Domingo 16 de febrero de 1997

 

Amadísimos hermanos y hermanas:

1. «Convertíos y creed en el Evangelio» (Mc 1, 15). Estas palabras de Jesús dan el tono a toda la Cuaresma, que ha comenzado el miércoles pasado, miércoles de Ceniza. La Iglesia se ha puesto en camino hacia la Pascua. Un camino de penitencia, o sea, de revisión profunda de nuestra vida. Estamos llamados a verificar nuestra acogida efectiva del Evangelio sabiendo que, antes incluso de ofrecer un proyecto de vida, es una nueva, más aún, como dice la misma palabra «evangelio», una buena nueva.

Es la buena nueva de que Dios nos ama y se ha hecho solidario con nosotros en su Hijo encarnado, rescatándonos del pecado y de la muerte. Por tanto, el Evangelio es anuncio de liberación, de alegría y de plenitud de vida. Pero quien acoge en serio este anuncio no puede menos de asumir también el compromiso de una vida nueva, inspirada en los valores evangélicos. Se trata de pasar de una existencia superficial a una interioridad profunda, del egoísmo al amor, esforzándose por vivir a ejemplo de Cristo mismo.

2. Para ayudarnos en este compromiso, la Iglesia nos señala un itinerario que se sintetiza en tres palabras: oración, ayuno y limosna.

La oración puede expresarse de varias maneras, personales y comunitarias. Pero debemos vivir, sobre todo, su esencia, poniéndonos a la escucha de Dios que nos habla, conversando con él como hijos, en un diálogo íntimo, lleno de confianza y amor.

El ayuno, además de ser una práctica externa, que consiste en sobriedad en la comida y en el tenor de vida, es un esfuerzo sincero por quitar de nuestro corazón todo lo que es fruto del pecado y nos inclina al mal.

La limosna, que no ha de reducirse a un ofrecimiento esporádico de dinero, consiste en tomar una actitud que nos lleve a compartir y acoger. Basta «abrir los ojos» para ver a tantos hermanos que sufren, material y espiritualmente, a nuestro alrededor. Por tanto, la Cuaresma es una fuerte invitación a la solidaridad.

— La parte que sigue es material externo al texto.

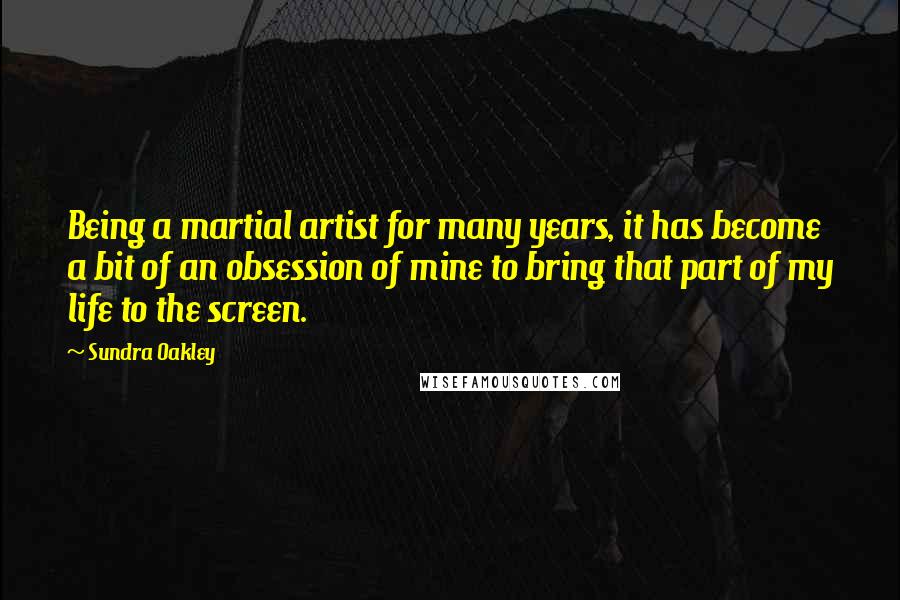 Sundra Oakley Quotes: Being a martial artist for many years, it has become a bit of an obsession of mine to bring that part of my life to the screen.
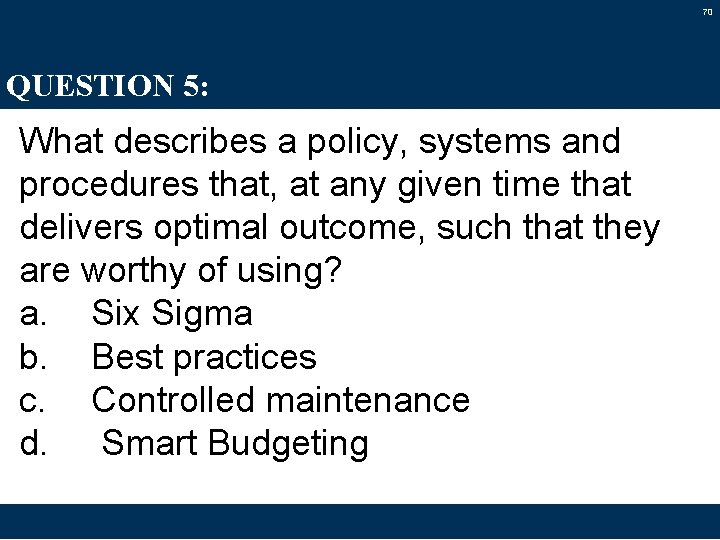 70 QUESTION 5: What describes a policy, systems and procedures that, at any given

3. Amadísimos hermanos y hermanas, miremos a María, para que por su mirada materna alcancemos la valentía de la conversión. Ella sabe cuán débiles somos, pero también conoce los infinitos recursos de misericordia de su Hijo divino. Que la Virgen santísima nos obtenga la gracia de confiar en Cristo, para continuar con alegría el camino cuaresmal y examinar sinceramente nuestra vida a la luz del Evangelio.